Kenneth Branagh does a fine job as a man who, though obviously racist, cannot be considered evil in the classic sense since he genuinely believes he is doing good. While the Australian government is interested simply in the withering away of the Aboriginal race in a few generations, by marrying the half- castes off to whites until the resulting octaroons would have all the Aboriginal bled out of them, A.O. Neville considers the welfare of the unhappy campers to be foremost. He genuinely believes that they would be better off integrated and assimilated into white society, forbidden to speak their own dialect or to practice the ways of the wilderness to which they had been accustomed.
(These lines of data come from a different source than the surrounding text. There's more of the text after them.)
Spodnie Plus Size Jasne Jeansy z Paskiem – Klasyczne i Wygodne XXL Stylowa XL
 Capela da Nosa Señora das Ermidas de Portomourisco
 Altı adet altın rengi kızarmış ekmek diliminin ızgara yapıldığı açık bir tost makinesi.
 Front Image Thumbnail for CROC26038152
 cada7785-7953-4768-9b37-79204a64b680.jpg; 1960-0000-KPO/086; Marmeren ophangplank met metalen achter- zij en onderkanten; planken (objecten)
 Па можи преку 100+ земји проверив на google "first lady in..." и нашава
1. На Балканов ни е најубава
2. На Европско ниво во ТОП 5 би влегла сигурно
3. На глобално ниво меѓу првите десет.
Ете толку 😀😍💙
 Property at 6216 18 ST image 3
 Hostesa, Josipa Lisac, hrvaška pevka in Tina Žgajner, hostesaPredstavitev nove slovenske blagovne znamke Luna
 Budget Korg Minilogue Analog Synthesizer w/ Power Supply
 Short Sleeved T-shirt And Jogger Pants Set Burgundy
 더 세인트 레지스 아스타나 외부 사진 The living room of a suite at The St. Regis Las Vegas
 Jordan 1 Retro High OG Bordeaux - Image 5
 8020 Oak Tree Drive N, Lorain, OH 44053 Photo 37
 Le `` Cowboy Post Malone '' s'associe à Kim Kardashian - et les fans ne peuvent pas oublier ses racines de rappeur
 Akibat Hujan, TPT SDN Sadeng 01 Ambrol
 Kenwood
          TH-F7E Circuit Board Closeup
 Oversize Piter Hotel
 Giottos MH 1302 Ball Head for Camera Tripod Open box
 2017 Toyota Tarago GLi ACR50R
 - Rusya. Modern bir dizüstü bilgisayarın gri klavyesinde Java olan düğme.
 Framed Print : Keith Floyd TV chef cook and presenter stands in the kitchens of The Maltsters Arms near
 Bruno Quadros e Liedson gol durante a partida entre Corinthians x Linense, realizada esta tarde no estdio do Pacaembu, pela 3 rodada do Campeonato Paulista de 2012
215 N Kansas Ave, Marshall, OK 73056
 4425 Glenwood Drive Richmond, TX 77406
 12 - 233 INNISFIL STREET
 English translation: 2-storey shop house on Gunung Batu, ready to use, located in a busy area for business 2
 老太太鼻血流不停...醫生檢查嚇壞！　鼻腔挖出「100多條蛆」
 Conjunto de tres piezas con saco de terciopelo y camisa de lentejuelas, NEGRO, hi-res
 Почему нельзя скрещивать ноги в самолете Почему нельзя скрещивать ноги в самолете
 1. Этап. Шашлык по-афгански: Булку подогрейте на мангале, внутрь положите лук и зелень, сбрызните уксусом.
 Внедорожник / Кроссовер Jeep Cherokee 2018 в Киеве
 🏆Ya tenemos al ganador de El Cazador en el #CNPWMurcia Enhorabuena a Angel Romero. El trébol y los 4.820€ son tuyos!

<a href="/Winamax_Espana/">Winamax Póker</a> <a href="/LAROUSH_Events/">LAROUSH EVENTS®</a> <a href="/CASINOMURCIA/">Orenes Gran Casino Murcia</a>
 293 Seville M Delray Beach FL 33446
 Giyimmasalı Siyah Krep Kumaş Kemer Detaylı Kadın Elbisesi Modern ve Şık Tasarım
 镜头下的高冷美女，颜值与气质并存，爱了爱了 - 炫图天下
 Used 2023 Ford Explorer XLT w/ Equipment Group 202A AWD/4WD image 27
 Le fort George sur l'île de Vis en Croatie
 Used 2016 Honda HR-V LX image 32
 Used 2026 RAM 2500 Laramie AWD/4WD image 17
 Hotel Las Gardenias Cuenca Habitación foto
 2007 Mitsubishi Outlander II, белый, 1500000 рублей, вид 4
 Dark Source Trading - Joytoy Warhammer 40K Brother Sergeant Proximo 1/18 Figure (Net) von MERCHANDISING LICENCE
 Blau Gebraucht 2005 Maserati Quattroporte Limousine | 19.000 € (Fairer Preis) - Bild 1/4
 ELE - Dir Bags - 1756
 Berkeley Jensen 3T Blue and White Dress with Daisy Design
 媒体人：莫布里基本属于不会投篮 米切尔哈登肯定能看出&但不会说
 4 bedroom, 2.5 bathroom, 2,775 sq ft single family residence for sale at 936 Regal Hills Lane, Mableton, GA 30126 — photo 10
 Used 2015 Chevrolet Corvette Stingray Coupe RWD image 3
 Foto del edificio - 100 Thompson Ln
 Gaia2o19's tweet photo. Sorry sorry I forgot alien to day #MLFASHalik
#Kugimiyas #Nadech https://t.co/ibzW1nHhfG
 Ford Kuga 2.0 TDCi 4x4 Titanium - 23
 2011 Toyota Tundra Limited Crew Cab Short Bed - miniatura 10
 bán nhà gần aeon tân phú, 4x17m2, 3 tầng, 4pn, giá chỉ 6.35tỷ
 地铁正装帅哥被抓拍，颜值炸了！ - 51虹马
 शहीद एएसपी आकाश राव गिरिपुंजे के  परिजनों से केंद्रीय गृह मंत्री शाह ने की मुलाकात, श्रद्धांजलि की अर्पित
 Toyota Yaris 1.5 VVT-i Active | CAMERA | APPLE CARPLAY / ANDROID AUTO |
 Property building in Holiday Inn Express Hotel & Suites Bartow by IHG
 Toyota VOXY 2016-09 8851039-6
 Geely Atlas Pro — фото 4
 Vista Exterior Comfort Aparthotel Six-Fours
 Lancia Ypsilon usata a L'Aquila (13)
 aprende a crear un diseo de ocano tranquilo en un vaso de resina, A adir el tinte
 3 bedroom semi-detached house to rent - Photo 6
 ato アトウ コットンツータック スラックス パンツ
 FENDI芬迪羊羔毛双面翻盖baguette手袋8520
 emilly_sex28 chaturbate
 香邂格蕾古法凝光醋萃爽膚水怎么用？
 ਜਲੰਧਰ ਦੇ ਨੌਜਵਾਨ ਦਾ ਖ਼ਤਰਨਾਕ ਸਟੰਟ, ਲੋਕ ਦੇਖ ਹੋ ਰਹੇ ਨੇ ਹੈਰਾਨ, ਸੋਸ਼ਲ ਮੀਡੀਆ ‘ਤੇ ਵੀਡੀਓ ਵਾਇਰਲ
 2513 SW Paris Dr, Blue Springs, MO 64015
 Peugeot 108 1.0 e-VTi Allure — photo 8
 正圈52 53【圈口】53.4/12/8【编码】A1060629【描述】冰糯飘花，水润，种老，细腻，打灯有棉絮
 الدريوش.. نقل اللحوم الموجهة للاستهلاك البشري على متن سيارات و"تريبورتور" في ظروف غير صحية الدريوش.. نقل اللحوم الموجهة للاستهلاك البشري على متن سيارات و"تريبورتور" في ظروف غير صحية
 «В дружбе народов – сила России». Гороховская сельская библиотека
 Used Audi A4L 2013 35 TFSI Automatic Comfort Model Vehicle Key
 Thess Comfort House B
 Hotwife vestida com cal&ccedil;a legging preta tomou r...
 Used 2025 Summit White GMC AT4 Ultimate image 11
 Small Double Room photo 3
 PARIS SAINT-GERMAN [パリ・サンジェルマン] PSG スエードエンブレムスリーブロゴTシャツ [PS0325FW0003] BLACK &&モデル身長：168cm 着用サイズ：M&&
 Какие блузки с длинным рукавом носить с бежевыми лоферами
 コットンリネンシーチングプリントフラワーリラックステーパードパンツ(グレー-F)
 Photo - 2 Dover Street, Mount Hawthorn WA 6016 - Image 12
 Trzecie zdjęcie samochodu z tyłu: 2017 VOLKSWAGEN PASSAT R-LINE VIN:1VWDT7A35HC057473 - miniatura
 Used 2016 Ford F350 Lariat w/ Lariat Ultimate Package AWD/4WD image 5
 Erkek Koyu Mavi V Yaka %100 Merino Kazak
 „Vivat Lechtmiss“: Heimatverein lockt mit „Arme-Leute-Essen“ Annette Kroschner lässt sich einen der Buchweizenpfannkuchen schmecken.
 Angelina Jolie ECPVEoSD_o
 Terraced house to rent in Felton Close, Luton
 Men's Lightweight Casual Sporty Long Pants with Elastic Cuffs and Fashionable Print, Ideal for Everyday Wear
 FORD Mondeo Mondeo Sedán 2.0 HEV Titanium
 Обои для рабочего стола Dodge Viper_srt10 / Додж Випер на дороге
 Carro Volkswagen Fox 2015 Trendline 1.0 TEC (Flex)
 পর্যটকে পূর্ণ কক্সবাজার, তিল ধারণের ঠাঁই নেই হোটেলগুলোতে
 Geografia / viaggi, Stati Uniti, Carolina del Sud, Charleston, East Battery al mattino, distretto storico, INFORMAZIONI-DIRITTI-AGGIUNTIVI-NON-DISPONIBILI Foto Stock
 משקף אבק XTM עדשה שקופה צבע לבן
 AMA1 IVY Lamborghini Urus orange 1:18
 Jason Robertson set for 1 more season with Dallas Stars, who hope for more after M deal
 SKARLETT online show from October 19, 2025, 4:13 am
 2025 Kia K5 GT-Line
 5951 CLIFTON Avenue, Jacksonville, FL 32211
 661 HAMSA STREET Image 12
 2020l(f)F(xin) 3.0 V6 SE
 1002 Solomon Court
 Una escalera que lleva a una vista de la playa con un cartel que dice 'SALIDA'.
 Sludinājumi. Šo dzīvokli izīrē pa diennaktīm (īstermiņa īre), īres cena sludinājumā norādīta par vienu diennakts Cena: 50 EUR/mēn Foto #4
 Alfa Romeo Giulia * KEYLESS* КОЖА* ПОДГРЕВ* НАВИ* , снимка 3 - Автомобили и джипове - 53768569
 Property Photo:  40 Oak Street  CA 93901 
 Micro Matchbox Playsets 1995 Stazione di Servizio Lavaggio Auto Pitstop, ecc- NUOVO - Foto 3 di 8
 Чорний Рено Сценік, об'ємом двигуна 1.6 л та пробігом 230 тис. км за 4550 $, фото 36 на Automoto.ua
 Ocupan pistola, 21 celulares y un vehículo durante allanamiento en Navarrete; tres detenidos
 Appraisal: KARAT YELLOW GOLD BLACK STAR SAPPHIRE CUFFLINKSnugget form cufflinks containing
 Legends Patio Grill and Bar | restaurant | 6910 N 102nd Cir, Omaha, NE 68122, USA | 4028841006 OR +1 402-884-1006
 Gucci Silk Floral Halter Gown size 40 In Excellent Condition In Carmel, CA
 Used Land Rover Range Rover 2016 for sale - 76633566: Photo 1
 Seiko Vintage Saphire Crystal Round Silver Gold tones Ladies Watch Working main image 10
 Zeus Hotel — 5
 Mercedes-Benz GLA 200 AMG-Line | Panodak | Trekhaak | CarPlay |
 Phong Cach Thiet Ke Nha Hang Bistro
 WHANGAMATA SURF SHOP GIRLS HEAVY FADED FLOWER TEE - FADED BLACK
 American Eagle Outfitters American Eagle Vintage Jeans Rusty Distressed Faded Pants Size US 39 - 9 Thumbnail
The story of Neville and the girls is based on truth. In the film's epilogue we are introduced to the real Molly and Grace, now in their eighties, still apparently living according to the tribal ways of their people. Everlyn Sampi is astonishing as the fourteen-year-old leader, while Christopher Doyle trains his camera on a land that is so vast and empty we wonder why Australia to this day discourages immigration. A look at some Internet commentary on the film (imdb.com) is revealing. A fellow named M.P. Schoo from Melbourne, for example, states that he found the movie "honest, beautiful and ultimately showing the pointlessness and stupidity of racist laws and racism in general. Such a pity that our current government will not acknowledge it." B. Coster, from Nunawading, Australia, holds that the story is "wonderfully told, gorgeously filmed, and should resonate in Canada and the U.S. which also had similar policies towards their indigenous inhabitants."

The title comes from a long fence built by settlers to keep the rabbits out of farmland the very fence used by the compass- less girls to track their way back home.